[Work to complete] Each record must be printed again exactly as given.

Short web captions
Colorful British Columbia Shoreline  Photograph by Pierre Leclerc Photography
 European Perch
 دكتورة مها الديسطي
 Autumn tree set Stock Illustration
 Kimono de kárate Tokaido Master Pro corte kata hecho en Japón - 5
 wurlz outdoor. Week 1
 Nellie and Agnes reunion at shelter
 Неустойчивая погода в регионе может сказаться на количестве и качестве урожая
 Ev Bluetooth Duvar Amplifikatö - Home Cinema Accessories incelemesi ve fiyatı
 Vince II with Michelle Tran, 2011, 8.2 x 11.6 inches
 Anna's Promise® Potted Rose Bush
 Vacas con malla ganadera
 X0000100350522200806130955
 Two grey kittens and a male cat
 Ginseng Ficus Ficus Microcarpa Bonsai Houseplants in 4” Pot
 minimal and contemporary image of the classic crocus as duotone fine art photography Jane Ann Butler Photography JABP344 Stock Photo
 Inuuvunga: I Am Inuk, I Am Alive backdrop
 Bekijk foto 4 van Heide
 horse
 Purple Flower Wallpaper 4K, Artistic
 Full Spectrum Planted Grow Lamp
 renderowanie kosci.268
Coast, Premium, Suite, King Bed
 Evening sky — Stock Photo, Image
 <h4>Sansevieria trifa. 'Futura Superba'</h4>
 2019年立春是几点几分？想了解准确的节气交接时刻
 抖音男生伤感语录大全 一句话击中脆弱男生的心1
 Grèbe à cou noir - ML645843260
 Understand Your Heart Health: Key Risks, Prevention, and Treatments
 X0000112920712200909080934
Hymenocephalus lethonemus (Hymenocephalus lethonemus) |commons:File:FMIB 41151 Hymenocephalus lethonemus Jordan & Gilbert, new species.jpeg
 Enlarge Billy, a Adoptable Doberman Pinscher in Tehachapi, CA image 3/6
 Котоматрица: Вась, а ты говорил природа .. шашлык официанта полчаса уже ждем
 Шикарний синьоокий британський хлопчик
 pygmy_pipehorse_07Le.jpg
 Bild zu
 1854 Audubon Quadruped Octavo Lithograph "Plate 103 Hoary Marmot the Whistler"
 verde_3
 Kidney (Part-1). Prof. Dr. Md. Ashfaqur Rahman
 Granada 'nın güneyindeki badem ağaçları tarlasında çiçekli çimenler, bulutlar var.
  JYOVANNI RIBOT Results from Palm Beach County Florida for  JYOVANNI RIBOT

[Task answer]
Colorful British Columbia Shoreline  Photograph by Pierre Leclerc Photography
 European Perch
 دكتورة مها الديسطي
 Autumn tree set Stock Illustration
 Kimono de kárate Tokaido Master Pro corte kata hecho en Japón - 5
 wurlz outdoor. Week 1
 Nellie and Agnes reunion at shelter
 Неустойчивая погода в регионе может сказаться на количестве и качестве урожая
 Ev Bluetooth Duvar Amplifikatö - Home Cinema Accessories incelemesi ve fiyatı
 Vince II with Michelle Tran, 2011, 8.2 x 11.6 inches
 Anna's Promise® Potted Rose Bush
 Vacas con malla ganadera
 X0000100350522200806130955
 Two grey kittens and a male cat
 Ginseng Ficus Ficus Microcarpa Bonsai Houseplants in 4” Pot
 minimal and contemporary image of the classic crocus as duotone fine art photography Jane Ann Butler Photography JABP344 Stock Photo
 Inuuvunga: I Am Inuk, I Am Alive backdrop
 Bekijk foto 4 van Heide
 horse
 Purple Flower Wallpaper 4K, Artistic
 Full Spectrum Planted Grow Lamp
 renderowanie kosci.268
Coast, Premium, Suite, King Bed
 Evening sky — Stock Photo, Image
 <h4>Sansevieria trifa. 'Futura Superba'</h4>
 2019年立春是几点几分？想了解准确的节气交接时刻
 抖音男生伤感语录大全 一句话击中脆弱男生的心1
 Grèbe à cou noir - ML645843260
 Understand Your Heart Health: Key Risks, Prevention, and Treatments
 X0000112920712200909080934
Hymenocephalus lethonemus (Hymenocephalus lethonemus) |commons:File:FMIB 41151 Hymenocephalus lethonemus Jordan & Gilbert, new species.jpeg
 Enlarge Billy, a Adoptable Doberman Pinscher in Tehachapi, CA image 3/6
 Котоматрица: Вась, а ты говорил природа .. шашлык официанта полчаса уже ждем
 Шикарний синьоокий британський хлопчик
 pygmy_pipehorse_07Le.jpg
 Bild zu
 1854 Audubon Quadruped Octavo Lithograph "Plate 103 Hoary Marmot the Whistler"
 verde_3
 Kidney (Part-1). Prof. Dr. Md. Ashfaqur Rahman
 Granada 'nın güneyindeki badem ağaçları tarlasında çiçekli çimenler, bulutlar var.
  JYOVANNI RIBOT Results from Palm Beach County Florida for  JYOVANNI RIBOT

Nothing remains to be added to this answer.